1. Het geding in hoger beroep
Bij dagvaarding van 23 februari 2012 is appellante, het pensioenfonds, in hoger beroep gekomen van het vonnis van de rechtbank Haarlem, sector kanton, locatie Haarlem (hierna: de kantonrechter) van 23 november 2011, in deze zaak onder zaak/rolnummer 521088/CV EXPL 11-9817 gewezen tussen haar als geopposeerde en geïntimeerde, [ Geïntimeerde ], als opposant.
Bij memorie heeft het pensioenfonds drie grieven tegen het bestreden vonnis aangevoerd, producties overgelegd, bewijs aangeboden en geconcludeerd dat het hof het bestreden vonnis zal vernietigen en alsnog bij arrest, uitvoerbaar bij voorraad, de vordering van [ Geïntimeerde ] zal afwijzen, met zijn veroordeling in de kosten van het geding in beide instanties.
Bij memorie van antwoord heeft [ Geïntimeerde ] de grieven bestreden, een bewijsaanbod gedaan en geconcludeerd tot bekrachtiging van het bestreden vonnis en veroordeling van het pensioenfonds in de kosten (naar het hof begrijpt:) van het geding in hoger beroep.
Ten slotte is arrest gevraagd.
2. De feiten
De kantonrechter heeft in het bestreden vonnis onder het kopje “De feiten” onder a. tot en met f. een aantal feiten als in deze zaak vaststaand aangemerkt. Daarover bestaat geen geschil, zodat ook het hof van die feiten zal uitgaan. Die feiten zijn, samengevat en aangevuld met feiten die in hoger beroep eveneens zijn komen vast te staan, de volgende.
i. [ Geïntimeerde ] heeft tot 1 juni 2007 een dienstverband gehad met Lamham B.V. Hij werkte als kelner in de horecaonderneming Luca & Lucas. Al enige weken voor het einde van zijn dienstverband is hij met werken gestopt. Enig aandeelhouder van Lamham B.V. was (middellijk) [ X ].

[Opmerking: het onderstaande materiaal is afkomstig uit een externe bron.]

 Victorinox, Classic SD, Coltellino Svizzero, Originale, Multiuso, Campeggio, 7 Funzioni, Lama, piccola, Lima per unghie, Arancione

ii. Bij brief van 1 april 2005 heeft [ X ], als werkgever, het volgende aan [ Geïntimeerde ] medegedeeld:
“Betreft: Uw inschrijving bij de KvK
(…)
U zult tijdelijk worden ingeschreven bij de Kamer van Koophandel voor een periode van 6 maanden als directeur van Lamham BV.
Werkgever verklaart hierbij stellig en zonder voorbehoud u te vrijwaren van elke vorm van aansprakelijkheid die van rechtswege uw persoon wegens bovengenoemde inschrijving zou kunnen doen schaden.
Werkgever behoudt zich het recht voor de benoeming en inschrijving te allen tijde ongedaan te maken zonder u daarvoor te compenseren”.
iii. In de periode van 1 april 2005 tot 1 juni 2007 heeft [ Geïntimeerde ] in het handelsregister van de Kamer van Koophandel ingeschreven gestaan als bestuurder van Lamham B.V.
iv. Lamham B.V. heeft de door haar aan het pensioenfonds verschuldigde pensioenpremies over het jaar 2007 onbetaald gelaten. Op 9 september 2008 is zij failliet verklaard en op 26 augustus 2009 is zij, bij gebrek aan bekende baten, ontbonden.
v. Bij brief van 28 oktober 2009 heeft het pensioenfonds [ Geïntimeerde ] als ex-bestuurder van Lamham B.V. aansprakelijk gesteld voor een bedrag van € 19.580,36 aan pensioenpremie dat tijdens zijn periode als bestuurder van Lamham B.V. niet was voldaan.
vi. Bij dwangbevel van 18 april 2011 heeft het pensioenfonds het bedrag van € 19.580,37, vermeerderd met rente en kosten, ingevorderd.
3. Beoordeling
3.1 In dit geding komt [ Geïntimeerde ] in verzet tegen het dwangbevel van 18 april 2011. Hij vordert vernietiging daarvan en heeft daartoe aangevoerd dat hij in werkelijkheid nooit bestuurder van Lamham B.V. is geweest, dat het pensioenfonds laakbaar nalatig is geweest met de incassering van haar vordering, dat het pensioenfonds niet aan de wettelijke formaliteiten voor het uitvaardigen van een dwangbevel heeft voldaan en dat de vordering onjuist is berekend.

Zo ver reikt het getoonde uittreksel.